If you’re a sports fan like me you’ll love watching them on the Nebula Mars. There are plenty of apps available that stream live sports like ESPN, FoxSportsGo, MLBTV, NBC Sports etc. I used the ESPN app on my Roku Stick to stream the Michigan/Florida football game (pics below) and it looked great. I can also hook up my Directv box which gives me access to all of my sports channels. Mars is definitely a sports fans dream. Viewing sports projected on an 85” screen is like having a sports bar in my house.
I really wanted to put the Mars to the test to see how good the picture quality would hold up on a really large screen outdoors. I purchased a 120″ portable outdoor movie screen from Amazon. I then enlisted my good friend Dave to help me build a portable frame to hold the screen. Using 1-1/4” PVC piping, grommets, and some small bungee cords we built a really nice portable movie screen (pics below). It took us about 2 hours or so and the total cost including the screen was right around $80.00. Later that night we had an outdoor movie night with his family and a few of their friends. I setup the Mars on a tripod and connected it to my blu-ray player using the HDMI port. I wanted a little boost to the sound so I connected a sound bar with a wireless subwoofer to the unit using that 15’ 3.5mm-2RCA cable I mentioned earlier. The movie we screened was “Kong: Skull Island”. We started the movie right around dusk (like they used to do at the Drive-In theaters back in the day, for those of us old enough to remember). Once the movie started all I can say is WOW! The picture was amazing, sharp with great color, brightness, and contrast. A truly immersive experience. I posted a few screen shots below, but it really needs to be seen in person. Along with the boost from the sound bar, it really was like being at the movies. Honestly, the picture quality was better than you get at most theaters, aside from IMAX or Dolby Vision Cinemas. When the movie ended everyone clapped and the kids immediately asked when I was going to come over with another movie. Everyone commented on how great the picture looked and how it was like being at the movies. Needless to say, it was a fun night, something we plan on doing again. I want to give special thanks to Dave and his family for hosting the outdoor movie night and helping me out with this part of my review.
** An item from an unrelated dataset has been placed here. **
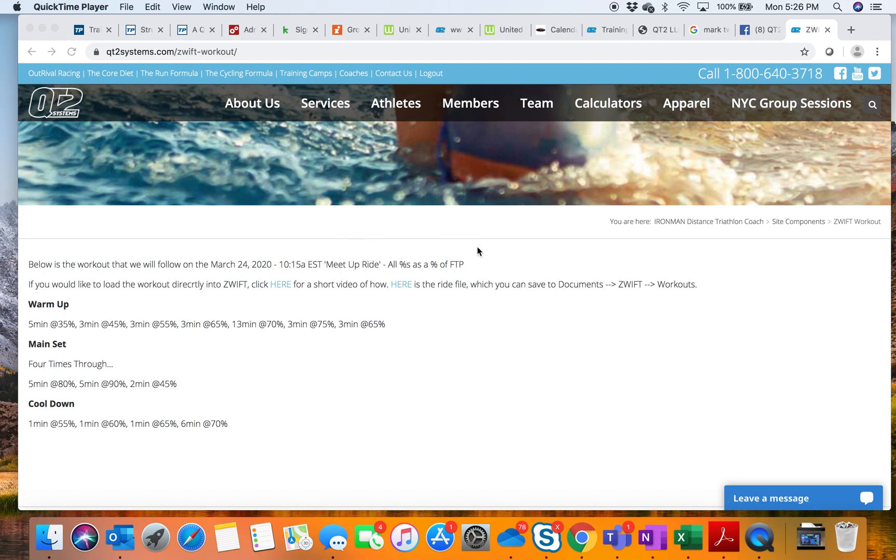Okay, so I'm going to take a moment and show everyone how to bring a ride that exists as a file on a web page into Zwift. This is for our Zwift meetup rides.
I really like the Nebula Mars portable cinema. It was a lot of fun putting this projector through its paces. Using it with multiple devices and viewing it on different screen sizes. Mars is everything it claims to be. It’s portable, has great battery life, quality built-in sound, and most importantly fantastic picture quality even at larger sizes. The Nebula Mars portable cinema will set you back $599.99 which is not bad especially if Anker can iron out the software issues. This is the first product from Anker’s sub-brand Nebula and I can’t wait to see what they come up with next.